Tuesday, August 6, 2013


 When a cruise planned with the grand kids  on Beaver Lake got canceled because of thunderstorms in the area,  Kaitlyn, Jacob,  and I went to "Plan B" for our day trip last month.  Instead of exploring an above-ground lake, we got to explore some below-ground lakes! ( I mention this to explain why I have on white pants, which would have been suitable for a summer lake cruise.  However, I would not recommend white attire for a cave tour!  I came out looking like I was prepping for a Tide commercial!)
 We went "down under", that is, the "down under", known as Cosmic Caverns, just outside Berryville, Arkansas, on Highway 21 North.

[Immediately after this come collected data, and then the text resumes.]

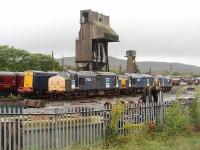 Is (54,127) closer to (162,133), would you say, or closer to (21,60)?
(162,133)

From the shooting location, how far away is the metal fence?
12.6 meters

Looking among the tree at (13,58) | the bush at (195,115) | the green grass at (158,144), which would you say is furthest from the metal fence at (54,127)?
the tree at (13,58)

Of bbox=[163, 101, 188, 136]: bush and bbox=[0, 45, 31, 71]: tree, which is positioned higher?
bbox=[0, 45, 31, 71]: tree

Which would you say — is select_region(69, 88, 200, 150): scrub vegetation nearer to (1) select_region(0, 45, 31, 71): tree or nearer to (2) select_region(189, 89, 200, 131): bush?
(2) select_region(189, 89, 200, 131): bush

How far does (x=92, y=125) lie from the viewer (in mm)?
14602

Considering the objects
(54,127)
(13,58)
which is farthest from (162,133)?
(13,58)

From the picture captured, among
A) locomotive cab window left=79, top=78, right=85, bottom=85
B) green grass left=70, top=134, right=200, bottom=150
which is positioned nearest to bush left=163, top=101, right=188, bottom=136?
green grass left=70, top=134, right=200, bottom=150

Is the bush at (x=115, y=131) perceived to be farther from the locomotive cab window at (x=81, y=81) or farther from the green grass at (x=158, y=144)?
the locomotive cab window at (x=81, y=81)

 Most folks are familiar with the natural wonders of Arkansas above the ground, but there is another wilderness just beneath the surface.  I am referring to the limestone caves of the Ozarks.  Of the 2,000 documented caves in north Arkansas, 8 are privately owned, commercial tour caves, open to the public.  In addition, the U.S. Forest Service operates Blanchard Springs Caverns, near Mountain View, Arkansas.  (You can see the photos and text from  previous blogs I wrote about Blanchard Springs Caverns in the Archives --Dec 6, 2009 and June 16. 2009--
, shown on the right)
 Cosmic Caverns has several underground lakes, two of which are seen on tour.  To date, divers have not been able to reach the bottoms of these lakes, so there is no accurate prediction of their depth.  Our tour guide just used the old cliché "they go all the way to China"!

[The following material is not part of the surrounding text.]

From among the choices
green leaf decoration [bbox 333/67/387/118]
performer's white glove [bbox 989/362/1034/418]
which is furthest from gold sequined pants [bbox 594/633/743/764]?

 With all the underground lakes, it is not surprising to see a boat along the tour route.
 Photography (both still and video) is encouraged.  Plus, since our tour group was small, we did not feel rushed or hampered when trying to take photos.
 The tour guide pointed out this small formation, that was about the size of an orange.  It was a tornado-shaped formation, that might be a hint that this would be a good place to be whenever there are tornado warnings in the area!
 Even though Cosmic Caverns is said to be one of the warmest caves in Arkansas, at 62 degrees Fahrenheit,  Jacob did not mind getting a hug to take the chill off, from his sister Kaitlyn. 
 If you have mobility or claustrophobia issues, this is probably not the outing for you.  There were several passages one passed through, that were very confining. 
 This cat walk section above one of the bottomless lakes can be seen on the main tour, but is only accessed for those who take the Wild Cave Tour.  That tour has some age and size restrictions, and requires advance reservations. 
 We learned that stalactites are those formations that hold on "tight" to the ceiling, as seen in this photo.
 You might want to lubricate your joints, and practice "duck walking" before waddling through this passageway!
 Some of the passages are so narrow that you have to suck in your gut, and proceed sideways, to make it through to the other side!
 There are lots of stairs to navigate throughout the tour, but they have handrails, and are well lit.
 This suspended walkway passes through one of the largest rooms inside the cave.
 The amount of stooping over you have to do on the tour is largely determined by how tall you are.  The taller you are, the more you need to stoop to avoid bumping your head!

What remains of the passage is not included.